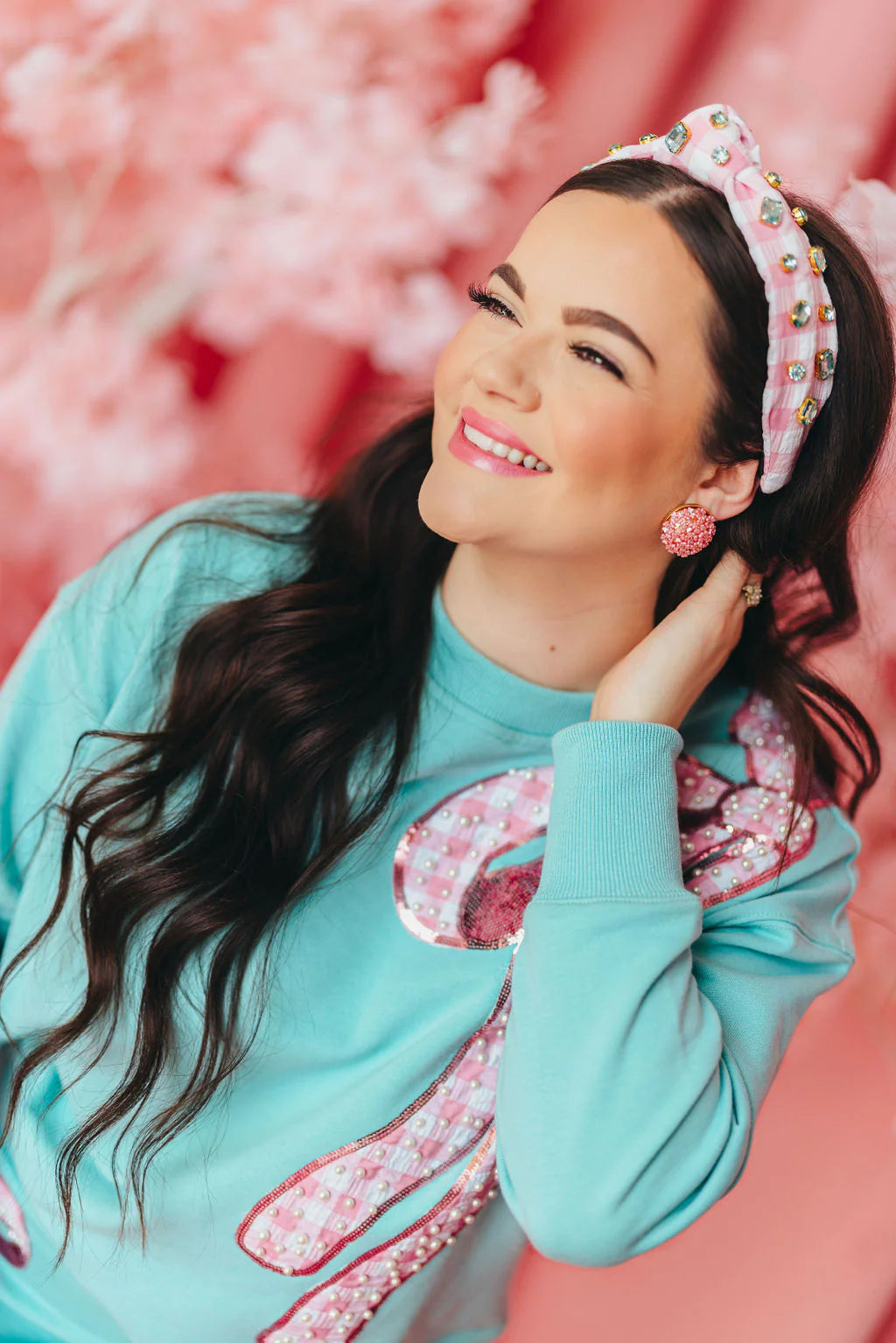BC Headband- Pink Gingham Headband with Robin Egg Blue Crystals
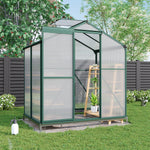 Polycarbonate Greenhouse With Base – Aluminum Frame Walk-in Greenhouse With Sliding Door & Ventilation Window For Plants & Flowers, Green, 4 x 6ft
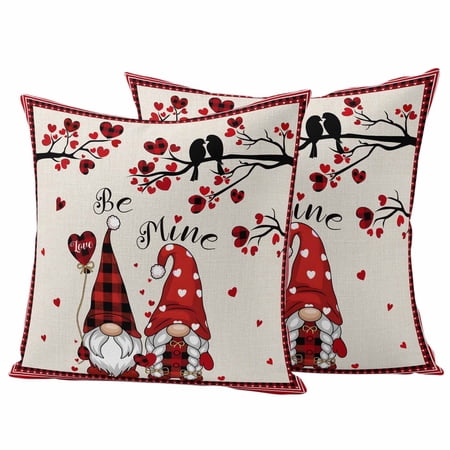 Valentine s Day Gnome Outdoor Waterproof Pillow Covers Set of 2 Gnome Couple Vintage Red Plaid Love Bird Linen Texture Pillowcase Decorative Throw Cushion Cases for Patio Garden Couch 20 x 20 Inches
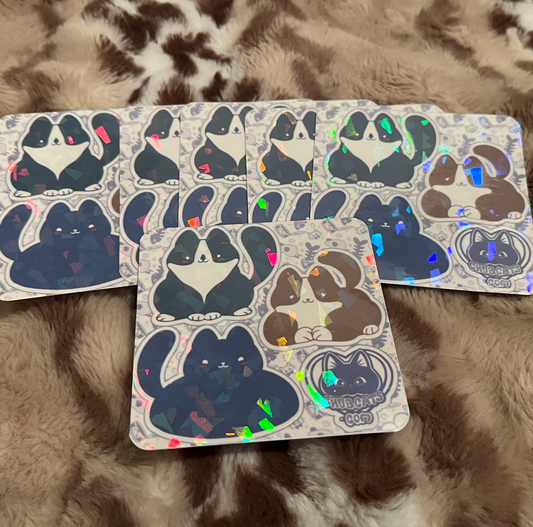 Blob Kitties - Holo Vinyl Sticker Sheets, Water Resistant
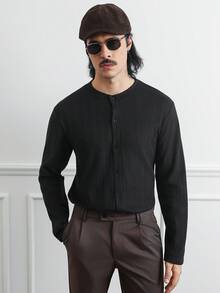 HUEFORM 男士黑色针织弹力拼接T恤，基础款，百搭各种裤装，适合日常穿着。男士针织衬衫商务休闲上衣 - 黑色 - 查看 4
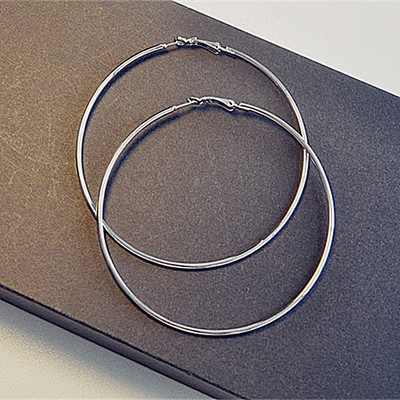 EKUSTYEE Big Circle Hoop Earring for Women Jewelry Metal Trendy Retro Big Round Circle Earrings ► Photo 1/6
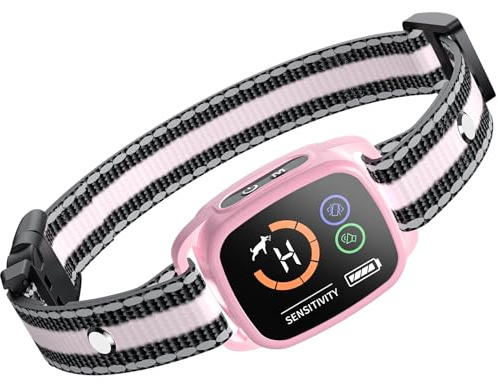 Collier Anti Aboiement Chiens,Modes Son/Vibration/Vibration Forte, Détection Intelligente des Aboiements, Rechargeable, Étanche IP67, pour Petit et Gros Chien (Rose)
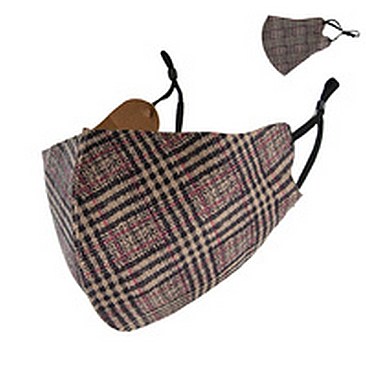 CLASSIC PLAID PRINT UNISEX MASK W/ ADJUSTABLE ELASTIC EAR STRAP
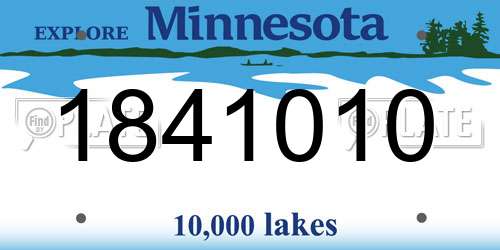 1841010 Minnesota License Plate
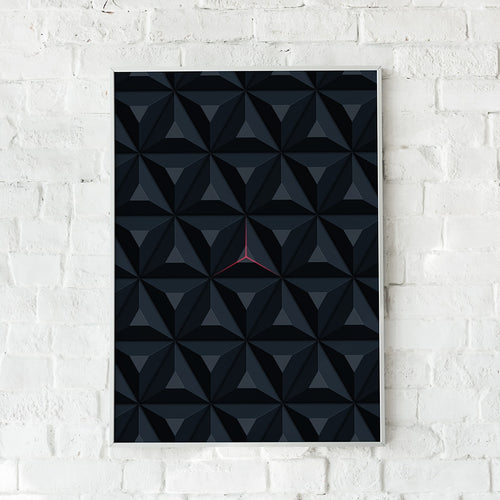 Geometrisk plakat med polygonmønster og lysstråle – "Coming Through".
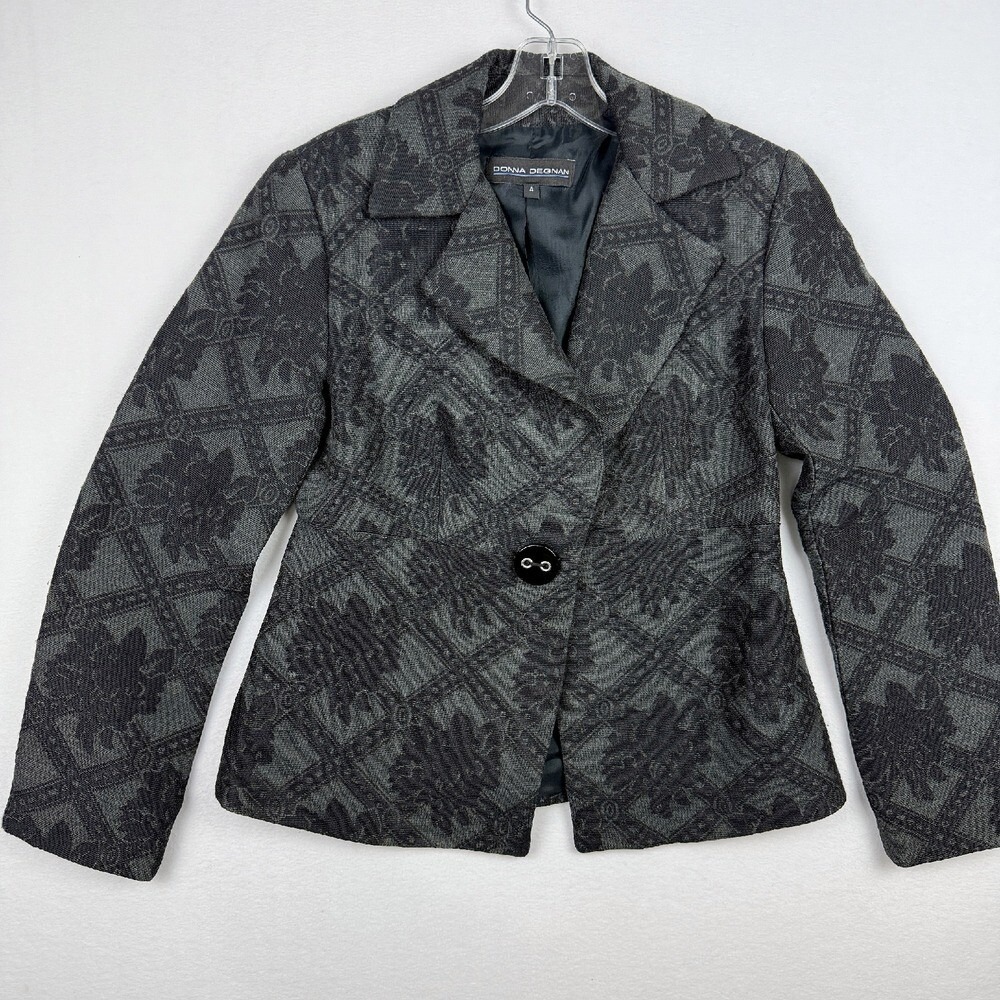 Vintage Donna Degnan Blazer Size 4 Jacket Floral Jacquard Button Front Dark Gray
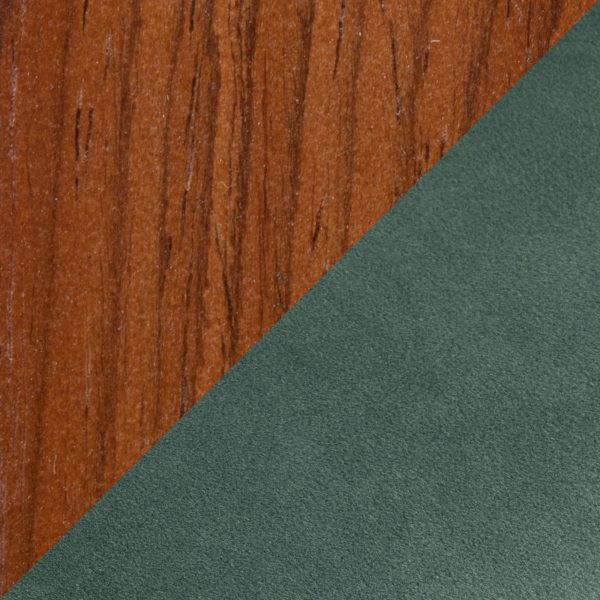 Buena Walnut Wood and Green Velvet Contemporary Dining Chairs Set of 2 8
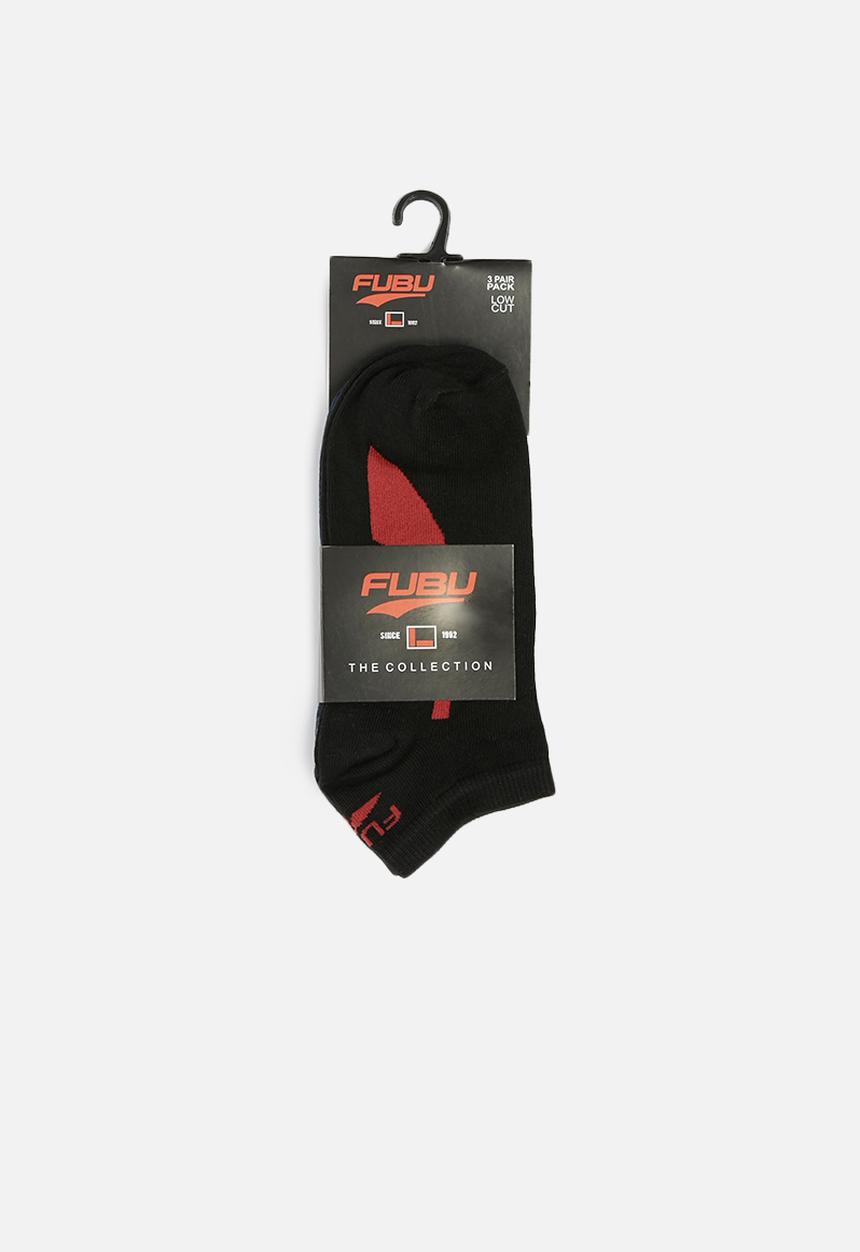 FUBU - Mens low cut standard socks 3 pack - navy 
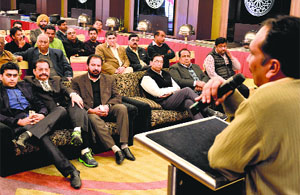 An office-bearer of the Punjab Coal Dealers Association addresses a meeting in Ludhiana on Friday.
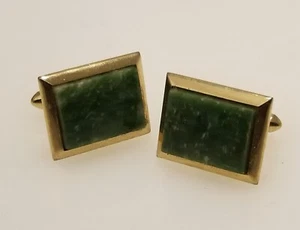 Gemelos de palanca vintage de piedra preciosa de jade verde pulido tono dorado - Imagen 1 de 2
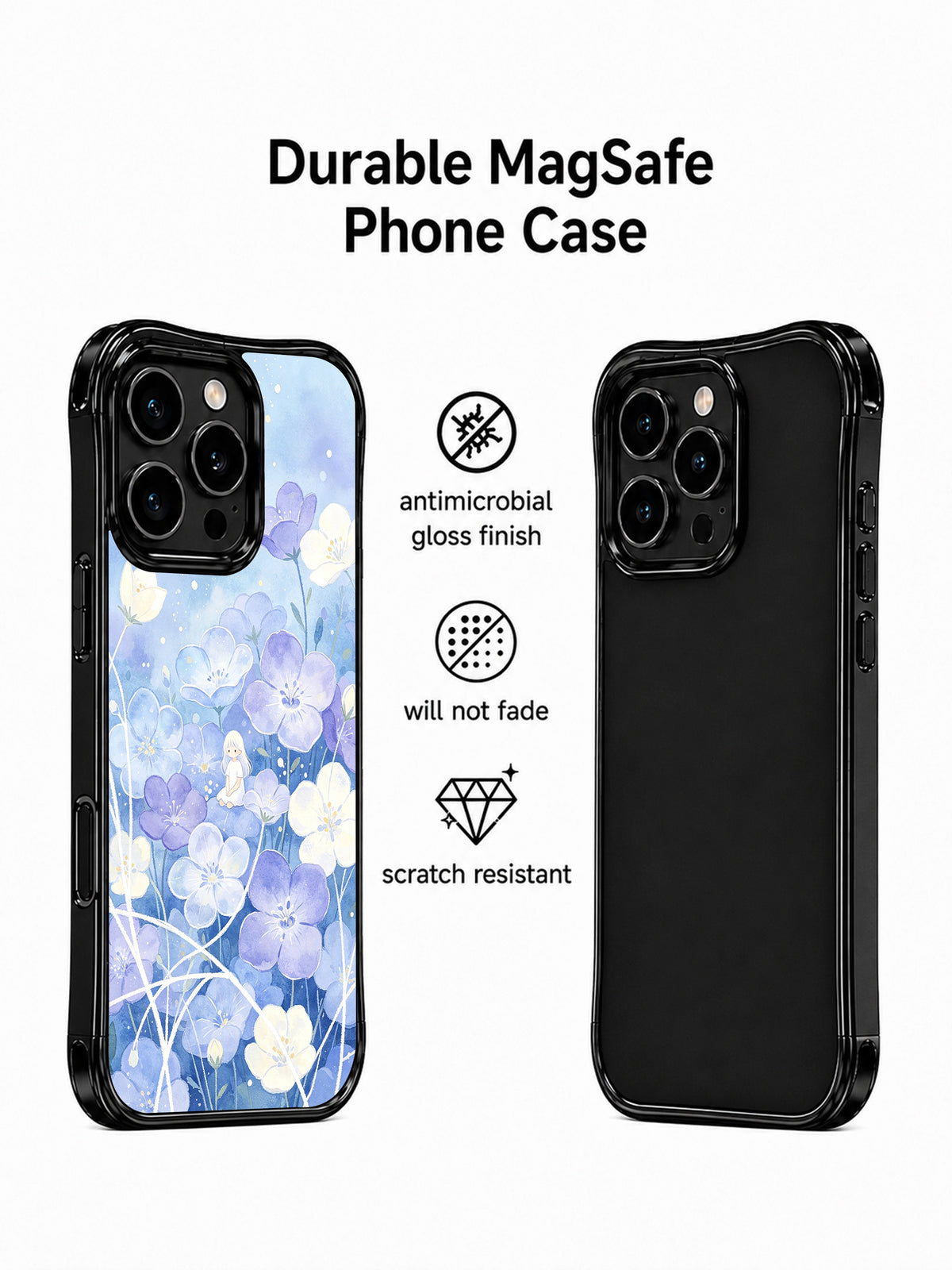 Bluebell Silent Garden: Tanıtım düzeninde desenli kılıf ve ikinci arka telefon görünümü.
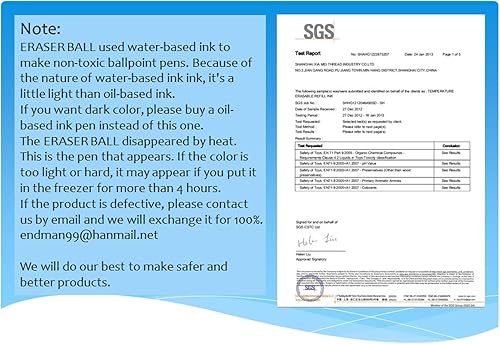 Miniatura 5 de ERASER BALL Clicker - Bolígrafos de gel borrables de 0.020 in, punta fina, tinta negra, paquete de 10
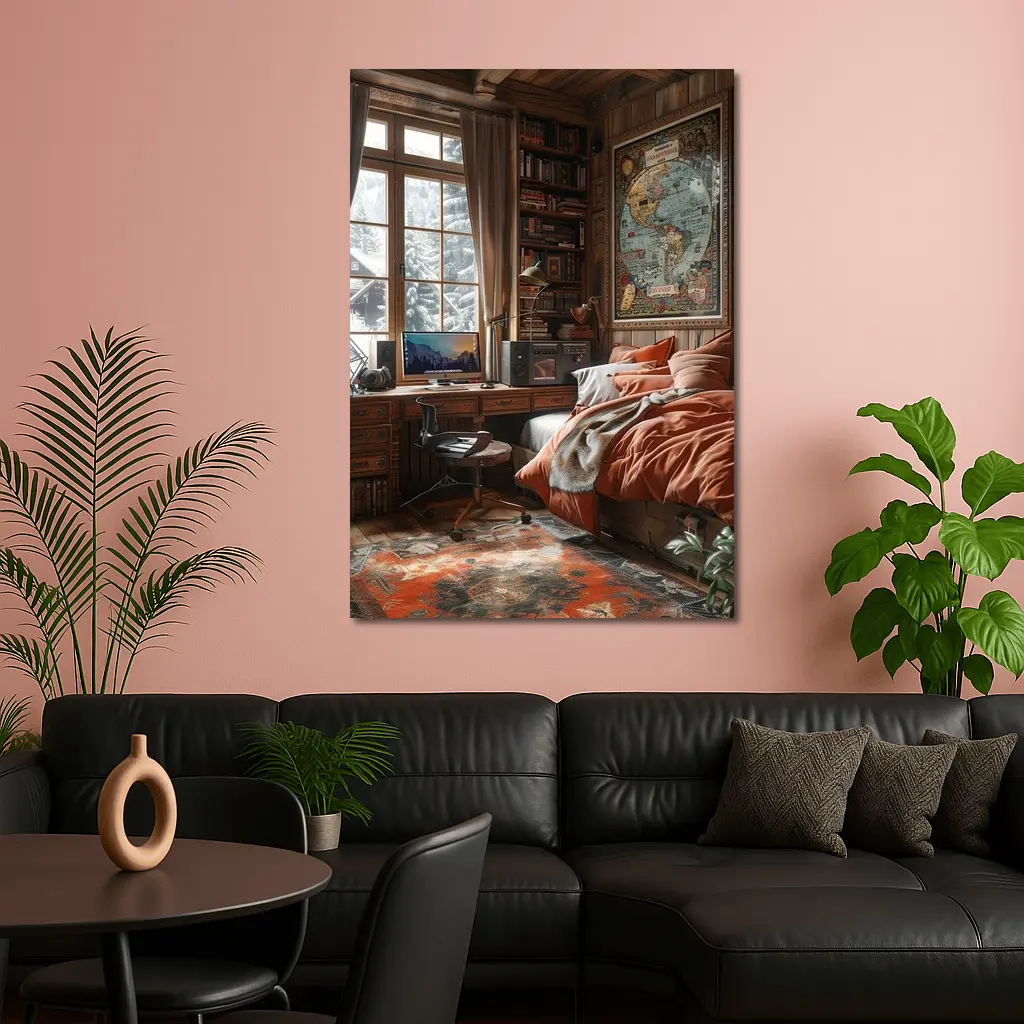 Cozy Wooden Cabin Bedroom With World Map – Wall Art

__Problem requirements__.
Print exactly the lines from the first line of the records above through the line containing "Polycarbonate Greenhouse With", both included, and leave the pictures out.

__Response to this task__.
BC Headband- Pink Gingham Headband with Robin Egg Blue Crystals
 Polycarbonate Greenhouse With Base – Aluminum Frame Walk-in Greenhouse With Sliding Door & Ventilation Window For Plants & Flowers, Green, 4 x 6ft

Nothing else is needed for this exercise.